Periodic Reporting for period 2 - LeMo (Learning Mobility for Real Legged Robots)
Reporting period: 2021-07-01 to 2022-12-31
This new learning-based perceptive locomotion has the potential to outperform existing approaches massively. In particular the robustness when dealing with uncertain and unstructured environments can significantly improve. Moreover, the systems can be pushed much closer to their performance limits (e.g. actuation torque and speed limits), since the proposed methods can better handle the nonlinearities and constraints.
Overall, the work is expected to be essential for a new generation of mobile robotic systems that will find application in various fields such as industrial inspection and maintenance, search and rescue, or planetary exploration. Thanks to this technology, legged robots, which still suffered from falls and failures when starting this project, are expected to be able to traverse extremely challenging terrain with unprecedented mobility and reliability by the end of this project.
The proposed tools are expected to be holistic and generalizable, which means that new machines can be controllable in a short time and with comparable low development effort. This will lower the entrance barrier and development time for researchers and engineers and offer new opportunities for commercial solutions.
In [11] we further incorporated exteroceptive perception, i.e. terrain elevation maps, as direct input to the control policy. While rigid and visible obstacles are easy to handle, such approach fails when the robot navigates across compliant grounds such as tall grass or snow, or in case of drift in state estimation and correspondingly elevation mapping. To overcome this issue, we introduced an attention-based recurrent encoder that integrates proprioceptive and exteroceptive input. The encoder is trained end to end and learns to seamlessly combine the different perception modalities without resorting to heuristics. The result is a legged locomotion controller with high robustness and speed, whereby the robot only uses exteroceptive perception in case it is reliable.

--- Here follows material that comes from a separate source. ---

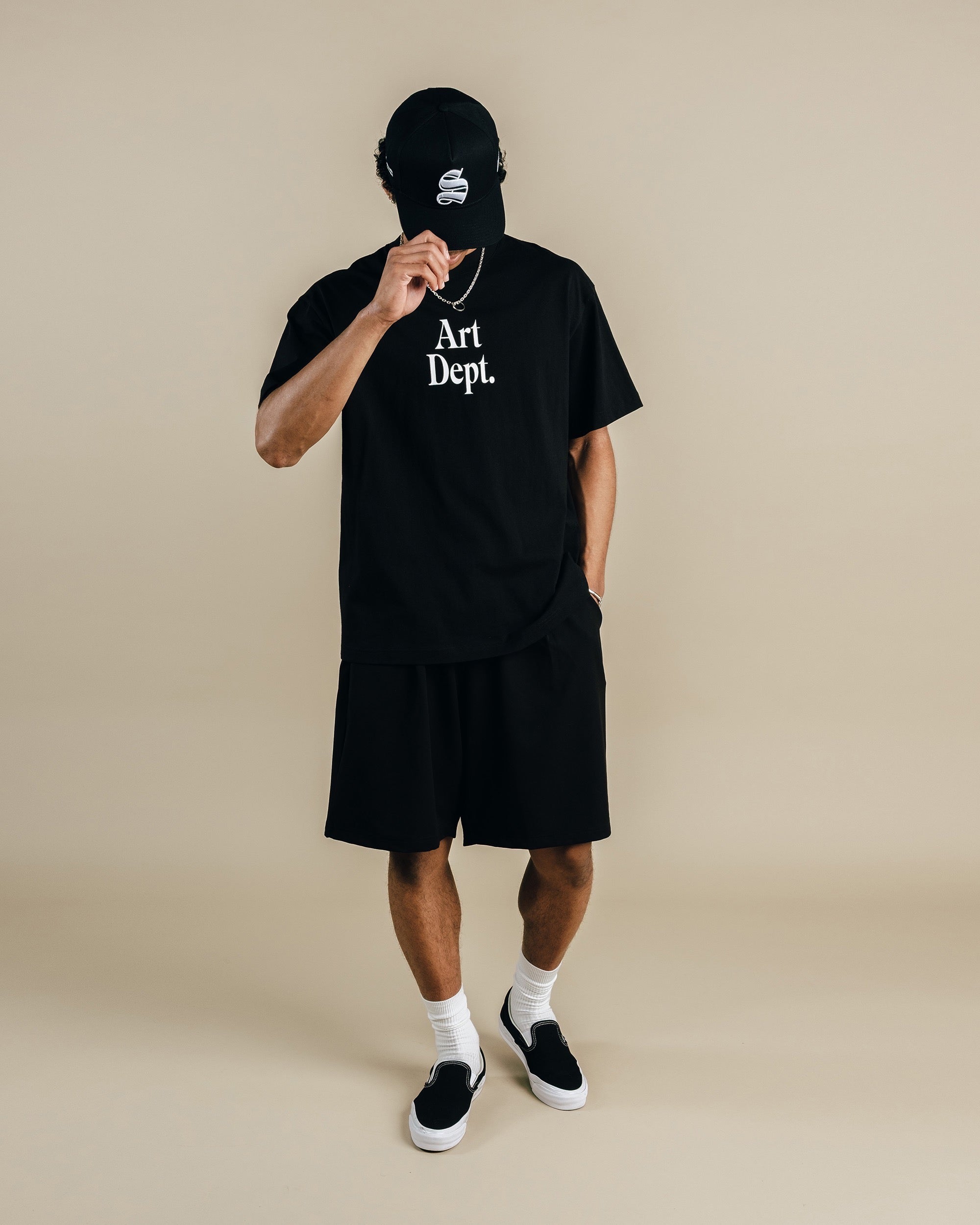 Person wearing a black 'Art Dept.' t-shirt and shorts with a cap on a beige background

Although we developed specific simulation tools, which have been commercialised through www.raisim.com the works in [1,11] required substantial training time (multiple hours or days). This slows down the development process and prevents people from using such tools e.g. for design optimization. In collaboration with industry, we advance the technology by leveraging parallel simulation on GPUs and reduced training time to a few minutes [18].
Towards autonomy of our systems, we developed path planning and navigation strategies [2,3,6,16], which leverage learned traversability costs for different terrains [5,17]. Since the maps are very often imperfect due to reflections, occlusions, or sensor noise, we improved the environment representations (e.g. elevation maps) necessary for our locomotion controller using machine learning methods [15,21] and trained navigation policies that directly leverage the incoming raw sensors stream [9]. For large scale autonomy, which requires a robust mapping and localization pipeline, we applied our learning-based methods for more accurate lidar odometry [4] and to estimate localizability [19], and developed a multi-modal fusion approach for precise and robust localization [20].
So far, classic approaches have looked at mapping, navigation planning, path following and locomotion control separately. In the coming years, we will research alternative ways by looking at the end-to-end problem. As a first successful step in this direction, in [23] we directly learn locomotion and navigation, which enables the robot to conduct manoeuvres like jumping over a gap or on a table. By the end of this ERC, we expect our robots to autonomously conduct parcours.
The second major improvement is expected in the field of integration of perception into our locomotion and navigation pipelines. We will develop control methods that directly leverage raw sensor streams and work on navigation algorithms that can utilise semantic understanding of the environment to guide the robot.
The proposed approaches of using reinforcement learning for controlling highly dynamic, nonlinear and complex-to-model systems finds application in many other areas as what is proposed in this ERC project. For demonstration, we transfer and test them in the context of space robotics [7], construction robotics [10], in combination with manipulation [13], and many other challenging problems will follow.